Ritiene di aver più dato o ricevuto da Cantù?

Se penso anche a quello che io sono al di fuori del basket, ho sicuramente ricevuto molto di più e continuo a riceverlo visto che la gente prosegue a fermarmi per strada con grande affetto. Io a Cantù ho questo record di panchine, ma ho soprattutto una scuola educativa iniziata con la famiglia Allievi che per me è stata una reale scuola di vita.

Nel basket di oggi è ipotizzabile che un altro canturino quale Brienza possa ripercorrere la sua stessa strada con Cantù?
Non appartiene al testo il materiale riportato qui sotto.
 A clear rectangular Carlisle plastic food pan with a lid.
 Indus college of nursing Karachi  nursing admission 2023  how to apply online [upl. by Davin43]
Nella mia testa l’obiettivo era diventare il Marzorati delle panchine, vale a dire non andar via mai da Cantù. Fosse stato per me, in effetti, non me ne sarei mai andato. Nicola l’ha invece già sperimentato, ha fatto esperienze altrove, è ritornato. Sarà lui a capire se vorrà fare o meno una cosa del genere.

Quale ritiene possa essere l’eredità che ha lasciato. Anche solo un segno del suo passaggio.

Spero di aver lasciato la curiosità di cercare sempre situazioni nuove e soprattutto la capacità di costruire la tua identità di squadra a seconda dei giocatori che hai a disposizione. Non ho mai avuto la fortuna di ingaggiare Tizio, Caio e Sempronio che sarebbero stati gli ideali per il mio gioco, ma preso i più forti che potevo con le risorse a disposizione per poi investirli di un gioco. Sperò altresì di aver lasciato un buon lavoro circa la gestione dei gruppi. Nei quali si creava non solo un’identità tecnica, ma anche un’identità umana nell’arco dei mesi.

Lei è ancora un allenatore relativamente giovane e allo stato, come detto, vanta 384 panchine a Cantù. Ebbene, ritiene che aggiornare questo dato e sfondare quota 400 possa essere ancora possibile?

Mi fate sorridere...

Permetta, non è un’ambizione lecita e comprensibile pensare di poter tornare ancora una volta?

Questo non lo so. Dico solo che per me Cantù resta la pallacanestro, la mia vita, tutto.